Numerous academic studies conducted by both foreign and Malaysian academics have concluded that over the years, the independence and impartiality of Malaysia’s election commission has been lost. In many cases, this is because its independence has been stripped by parliamentary action. So it is not fair to blame everything on the personnel who lead the commission.

However, various unfortunate statements by Malaysia’s election officials have only reinforced the view that they favour one party over another. For example:

In 2007, then EC Chairman Abdul Rashid Abdul Rahman said that “there is only one regime in this country that is capable of running (the country).”

Abdul Rashid went on to say that he was on the same wavelength as his friend, senior UMNO leader Sanusi Junid, about what the country needs. “If we don’t agree, then we are in trouble, because I run the elections,” he said.

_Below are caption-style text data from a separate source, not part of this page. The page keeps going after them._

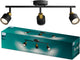 Philips LED Philips Niall spot - spot de plafond à trois points lumineux - noir avec design doré - raccord LED gu10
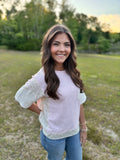 Oversized Mixed Media Knit Top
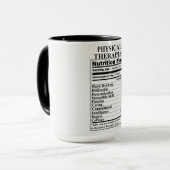 Mug Physothérapeute Nutrition Fiches (Devant gauche)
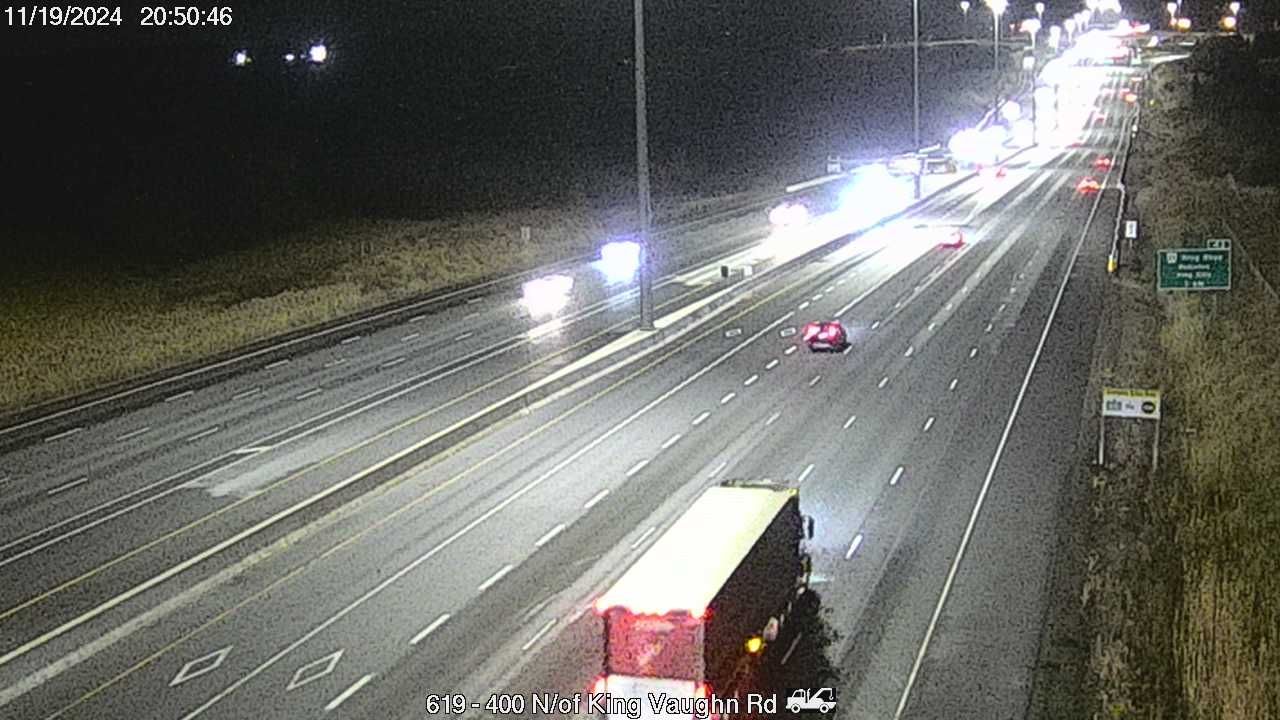 Vaughan: Highway 400 south of King - Road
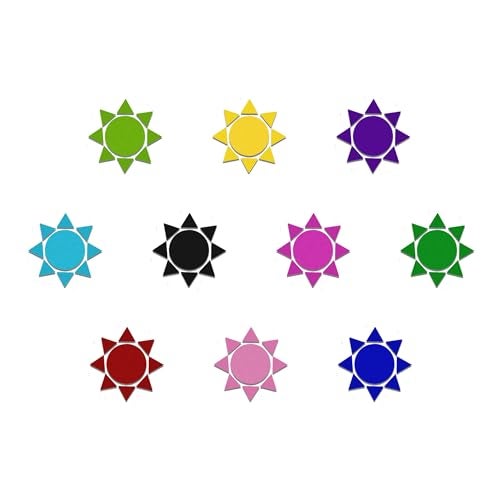 Comet Busters Handcrafted Multicolor Bindi for Women (10 mm) (BV278) - Image 1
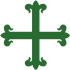 Cross of Avis with Fleur-de-lis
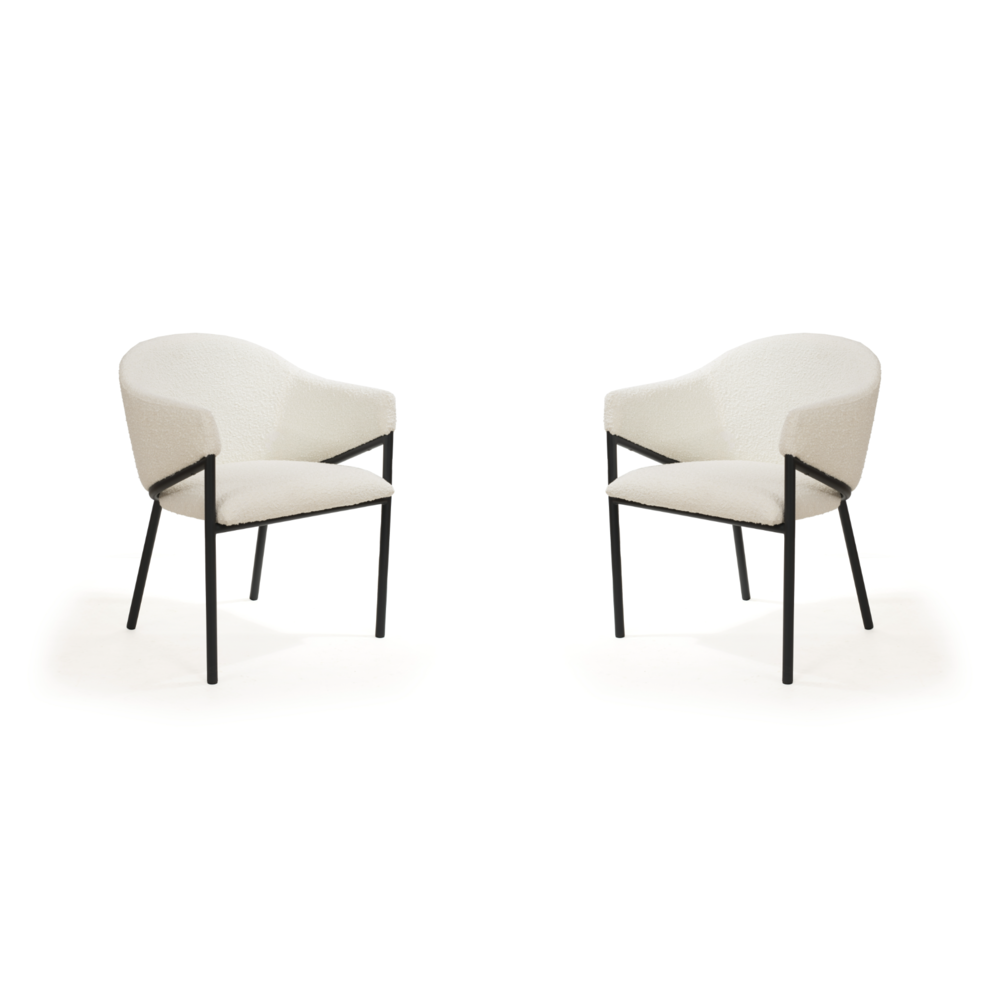 Aidan Armchair - Polar Bouclé - Set of 2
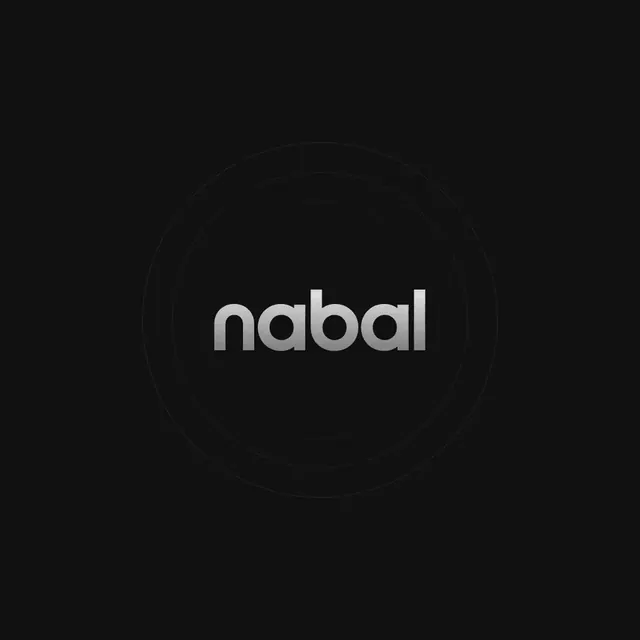Nabal logo, minimal, line-art, light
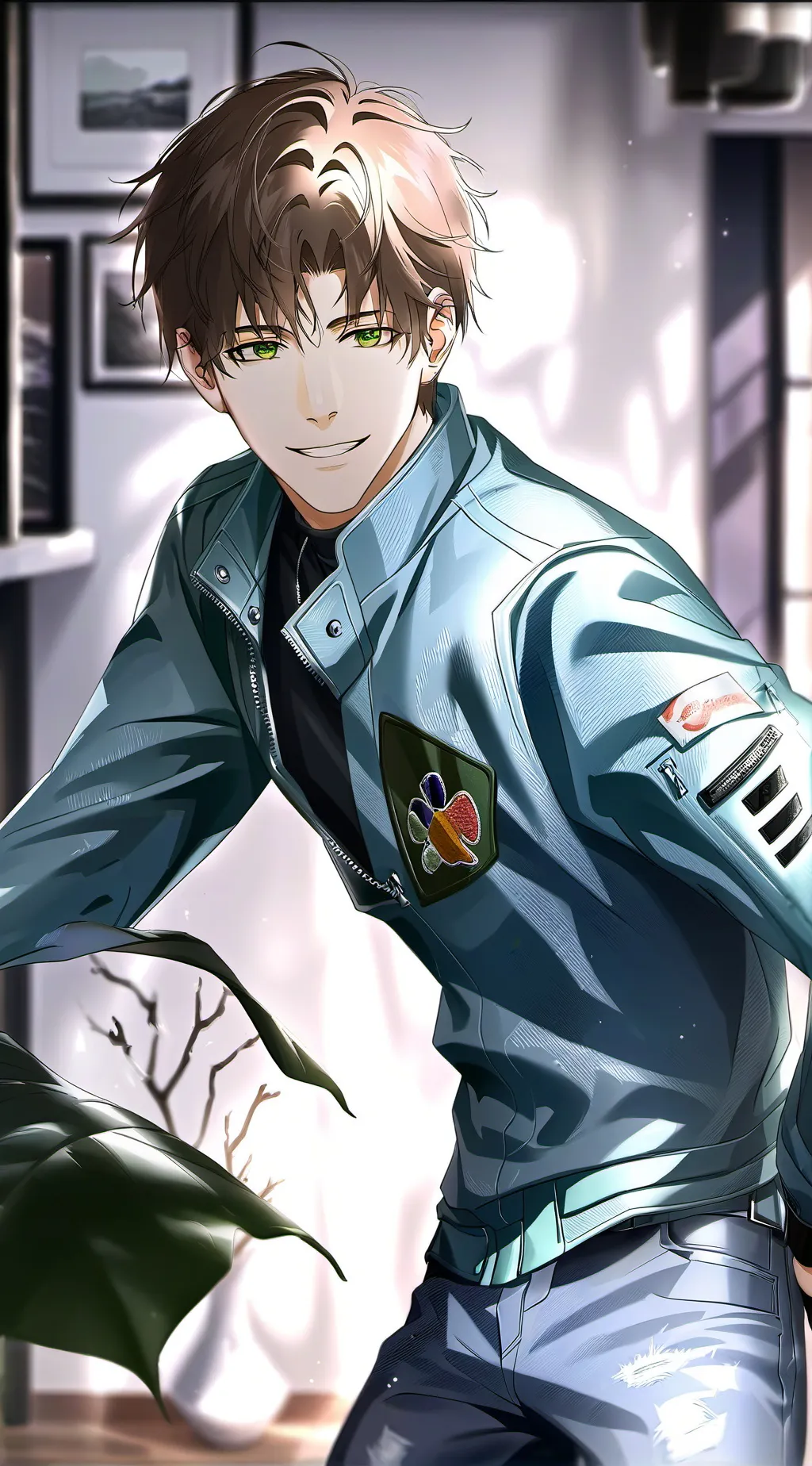 ai character: Zephyr Windstorm background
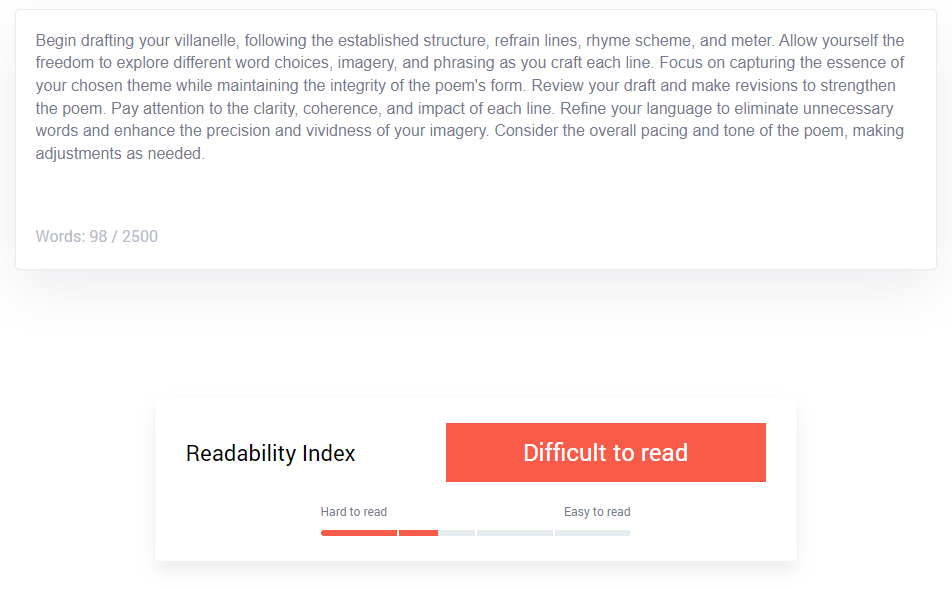 herramientas de escritura: Readability Checker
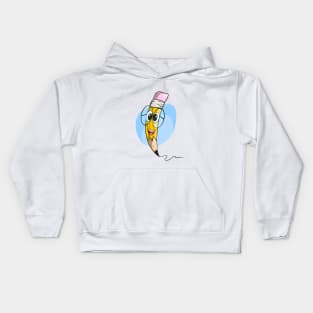 Cute Pencil Character Kids Hoodie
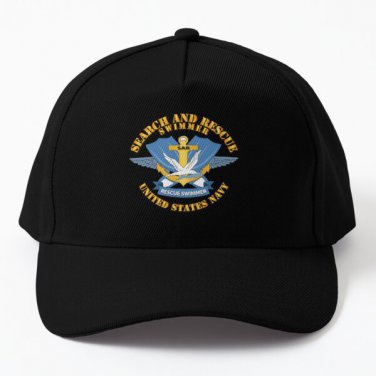 Navy Search And Rescue Swimmer Baseball Cap Casquette Hat Women Black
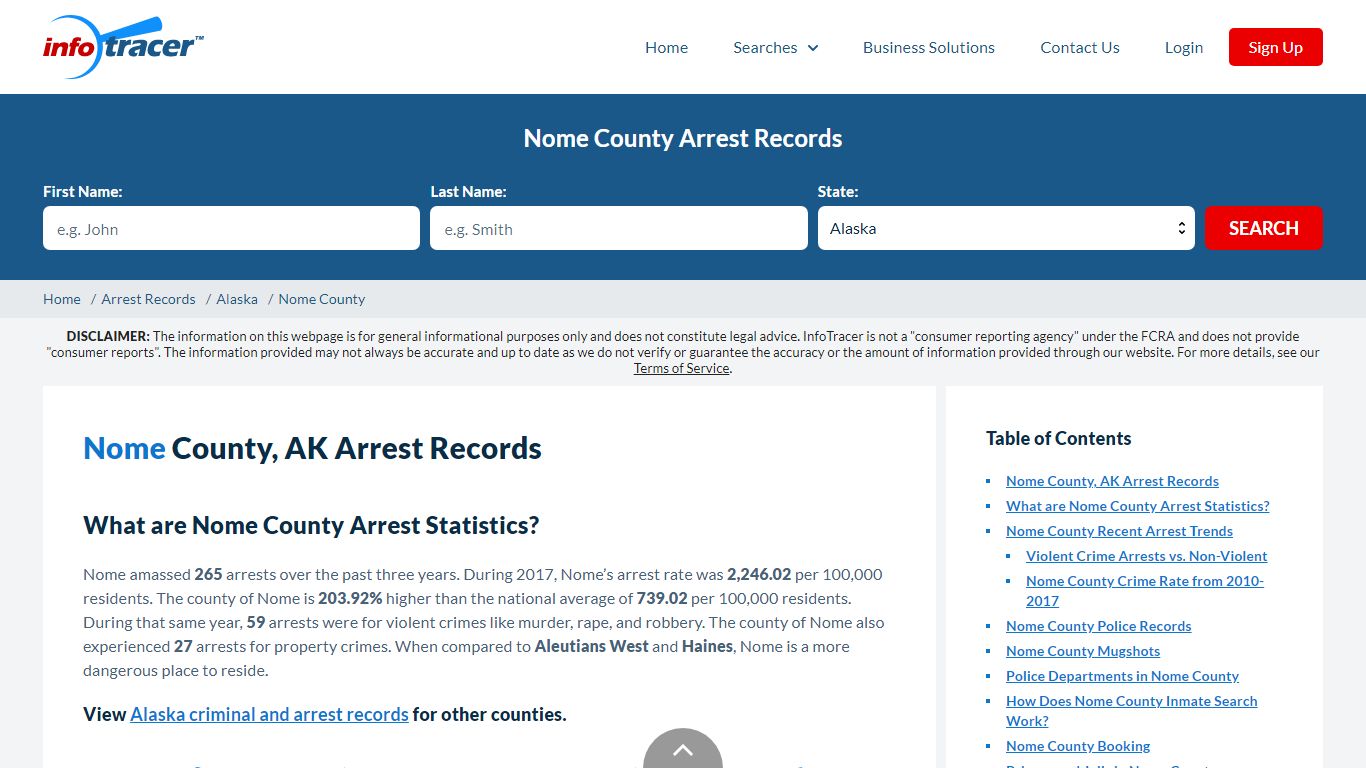 Nome County, AK Arrests, Mugshots & Jail Inmate Records - InfoTracer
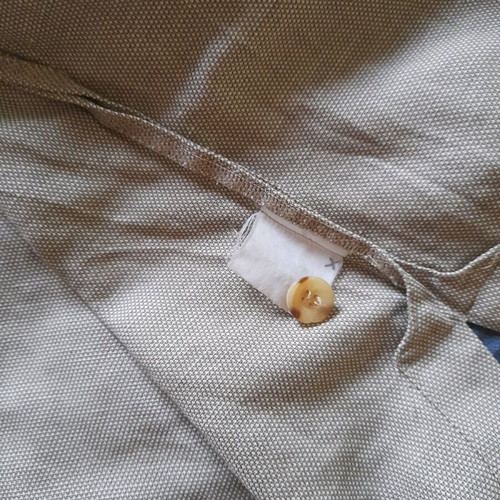 Linen shirt used like new, beige, large-xl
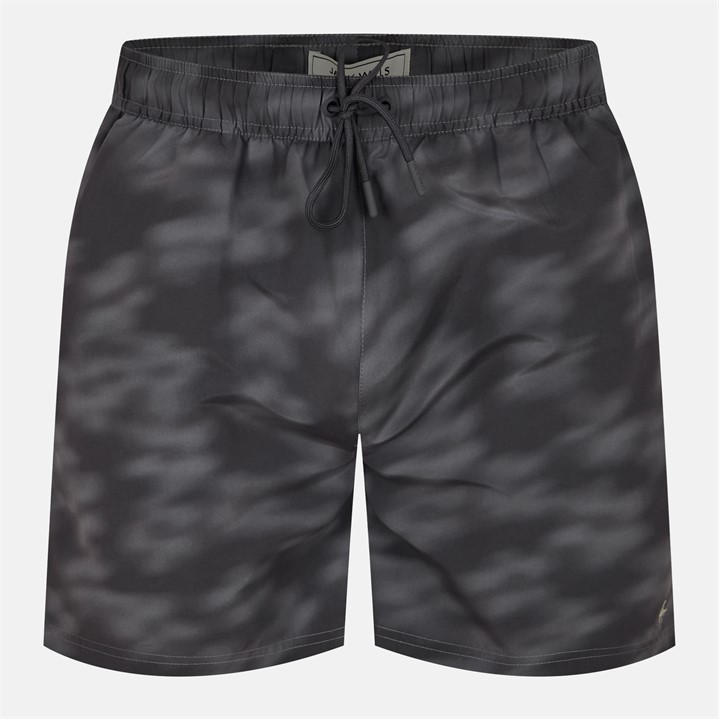 Jack Wills Blurred Floral Swim Shorts Black
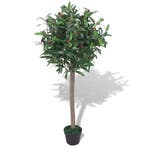vidaXL Kunst laurierboom plant met pot 120 cm groen, Verzenden, Nieuw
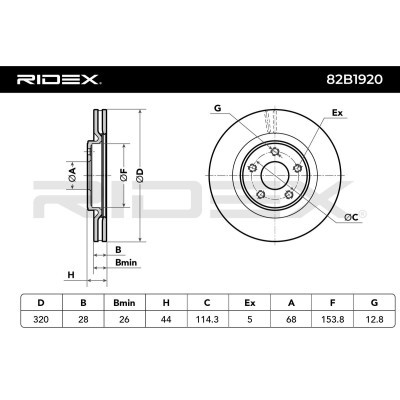 Tarcza hamulcowa RIDEX 82B1920 82B1920 - foto 6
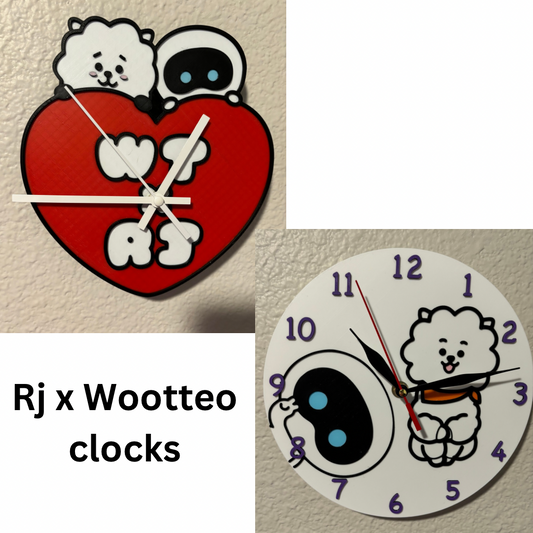 BT21 custom designed clock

kuala terengganu parliament by election spr ec announcement  051208 wan ahmad wan omarEC Deputy Chief Wan Ahmad (right) has taken to writing articles in Utusan Malaysia, owned by UMNO, saying that the opposition is engaged in ‘dirty tricks’ and trying to scapegoat the EC in order to promote their political ambitions.

Wan Ahmad added, “BN has never attacked or put down the EC. That is the difference between PAS, DAP, PKR and BN.”

Critics of the EC say that BN has no reason to attack or put down the EC, as the EC is doing BN’s work.

In response to Wan Ahmad’s comments, Bersih 2.0 issued a statement saying that the EC “continues to make comments that are less in the spirit of working together towards cleaner elections and more in the spirit of defending an incumbent party against contenders.”

Bersih called on Wan Ahmad and the EC to end their war of words with political parties. “Recent comments that have been made threaten the public image of impartiality that the EC needs to have to maintain public confidence. It is more the job of the Deputy Chairperson of a political party to make political criticisms than it is the deputy chairperson of the EC.” That is a sentiment with which most of the world would agree.